Teddy

Senator Edward Kennedy was a tough guy. He was smart, tenacious, opinionated, strong in body, mind, and spirit. And I think because he was such a tough guy, he won't mind if I don't share my real and uncensored thoughts on the occasion of his passing.

Teddy, as he was known, was privileged, in every sense of the word. And he made liberal use of his privilege, in ways I admired and ways I did not. The terrible bargain we all seem to have made with Teddy is that we overlooked the occasions when he invoked his privilege as a powerful and well-connected man from a prominent family, because of the career he made using that same privilege to try to make the world a better place for the people dealt a different lot.

Twice, Teddy did despicable things with his privilege, very publicly.

On Chappaquiddick Island, he drove his car off a bridge and made his way to safety; his female passenger, Mary Jo Kopechne, drowned. I won't pretend to know if Teddy could have saved her, though I believe he would have if he could. What we all know, because he told us so, is that he fled the scene and did not call authorities until her body was discovered the next day, making it impossible to determine the extent of his responsibility with regard to alcohol consumption. His attorneys argued, and the Massachusetts Supreme Court agreed, that the inquest into Mary Jo's death would be held in secret. In the end, Teddy faced a two-month suspended sentence for leaving the scene of an accident, and no more.

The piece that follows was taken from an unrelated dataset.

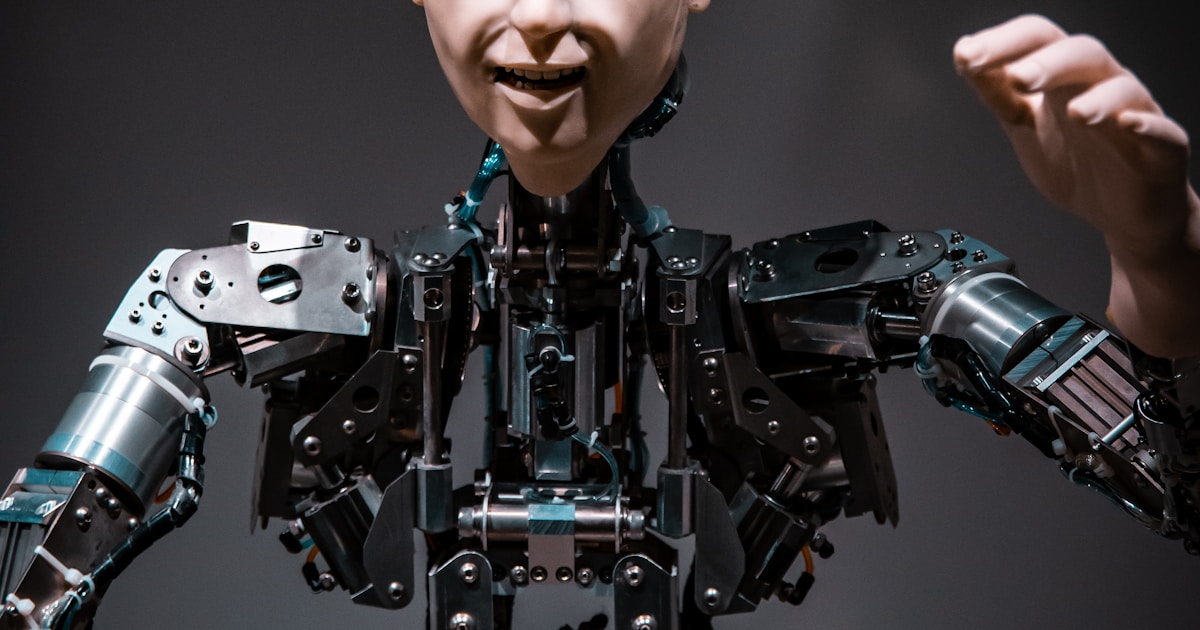 AI動画編集で失敗しないために知っておくべき7つのこと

In Palm Beach, Florida, two decades later, Teddy threw around his weight on behalf of his young nephew, William Kennedy Smith, with whom he'd been drinking the night William was accused of sexual assault. Though William had been accused of sexual assault multiple times before (and has been accused again since), Teddy vociferously protested his nephew's innocence and participated in the smear campaign against his accuser, who found herself pitted against the entire Kennedy clan and the enormous privileges its membership carries. Smith was found not guilty of all charges. His accuser's identity was made public.

Teddy's privilege allowed him to pull strings on his own behalf and on his nephew's behalf in criminal situations where one woman ended up dead and another raped. That is one of the many things the sort of limitless privilege like Teddy's allows—and he made use of it.

And I cannot forget it.

I can also not forget the myriad ways in which Teddy used his limitless privilege for the betterment of others, as Mustang Bobby so eloquently detailed. He quite genuinely cared about the poor, the sick, the needy, the dispossessed. He was an authentic progressive, who could acknowledge his own privilege and could stand in front of the Senate and talk about the privilege he had that people of color, LGBTQIs, and women lack. He was a great goddamn Senator—and would that the entire Senate, or even just the Democratic Caucus, was filled with people who were as passionate and progressive as he was.

It is much discussed that he felt burdened by being the torch-carrier for his fallen brilliant brothers, whose deaths and truncated potential haunted the entire nation. He had to do more than any other individual man, because he was living the life of three.

I suspect that Teddy, who knew himself well and could stare his flaws in the face, who carried the shame of his misdeeds in the furrow of his brow that never totally lightened even with a smile, also felt burdened by his own abuses of the privilege he knew he hadn't earned. It was there; he couldn't help himself using it, even when he knew he shouldn't have. And it hung on him, as well it should have.

He'd made a terrible bargain with himself, too.

Teddy's legacy, then, is complicated. A man of privilege, who used it cynically for his own benefit. A man of privilege, who used it generously to try to change the world. And maybe to salve his own conscience. Even as he believed fervently in the genuine rightness of his endeavors—and certainly would have, even if there wasn't a scale to balance.

I have no tidy conclusion. It is what it is.

RIP Teddy. Thank you for your excellent service in the United States Senate.